Those boundaries were in the past merely organizational. They varied
from organization to organization and fit within the organizational model
of the organization. But newer, stronger, and more insulate boundaries
have now been imposed on the web-developer and all all who attempt to use
the collaborative powers inherent in the net. Those new stronger,
generally universal boundaries about which I speak, not only limit the
effective use of individual skills and human productivities to the
boundaries imposed by the organization but more broadly to the boundaries
imposed by the rule of law.
No longer does the freedom seeking web-developer have to contend merely
with the boundaries of the organization. The modern developer must
contend with the legal boundaries imposed by the rule of law. Those
boundaries are not just nation state boundaries, nor just federal
boundaries, but they extend to international and even interplanetary
spaces.
The manufacturers of the fences which outlines those boundaries are
the WTO, the ITPO (trademark and patent), and the legal output of every
local congress of every nation state that imposes rules on the behavior
of its citizens by making rules that are called law. These same rule
making bodies require that the citizens over which they have jurisdiction
adhere to the rules of law made by treaties. Remember that treaties have
been negotiated between heavily lobbied special interest weighted
representatives of the participating nation states. These lobby factions
have caused the laws and treaties to be imposed on citizens of all nation
states in more or less a uniform fashion.

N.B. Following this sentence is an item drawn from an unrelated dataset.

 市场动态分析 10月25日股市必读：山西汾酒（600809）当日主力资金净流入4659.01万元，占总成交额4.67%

The courts have electrified the fences which protect the boundaries
imposed by the rules of law and treaties. The monopoly holders [
copyright and patents are enforced monopolies] now have unlimited and
worldwide use of the awesome powers of the nation state to capture all
human cognition and to re-bundle it into little packets of private
properties that they can own.
The sum of these private properties are the essence of all human
cognition.
The law captures any expression of any and all kind and makes it a bundle
of rights and bestows on the inventor or author private ownership. By
itself, that might not matter, but these bundles become the property of
non human entities ( like corporations) who enjoy infinite lives and who
can use the monopoly powers which attach to these bundles to make profit
for human generation after human generation. Hence, the non-human
entities have obtained a piece of the power and have gain the might of the
state (monopoly power) to enforce their monopoly interest in the products
of human cognition.
So, the idea that the computer has democratized the world is false.
False, not because the evolution of the technologies found in computer
and information science has not made it possible, but false because the
law has quickly redirected and transferred the benefits of the technical
developments to the wealthy powerful parts of the private domain. And the
laws and treaties have been lobbied to be written and to have the effect
in actual practice of making the large, powerful organizations the owners
and benefactors of the output of all human cognition.

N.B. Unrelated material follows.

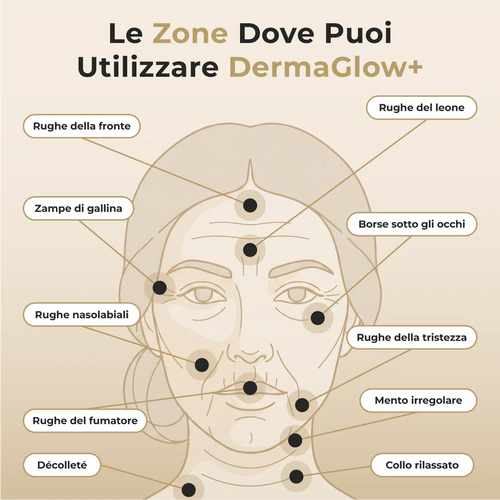 DermaGlow + | Sistema di Microinfusione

In the old world, the large and powerful were granted by the monarchy
all of the resources that were factors of human production (like land
and the right to make law over all who occupied the land (i.e. the feudal
lord:monarch partnership).
In the new world the large and powerful are granted by the law
making congresses and the treaty making international organizations the
private ownership over all of the output of human cognition wherever it
exists in the world. The congress, instead of the monarch makes the
laws that save and protect the private ownership to the large and
powerful. This new partnership is called the corporate:congress
partnership and it represents the modern form of feudalism.
me
On Wed, 10 Aug 2005, Didier PH Martin wrote:
> Hello Gerald,
>
> Any comments? Any thoughts?
>
> After some time swimming, another though came to my mind about the subject.
>
> The computer world evolved:
> a) It started with a central location of data and processes. (The mainframe
> era): something analogous to the train, the subway or the bus.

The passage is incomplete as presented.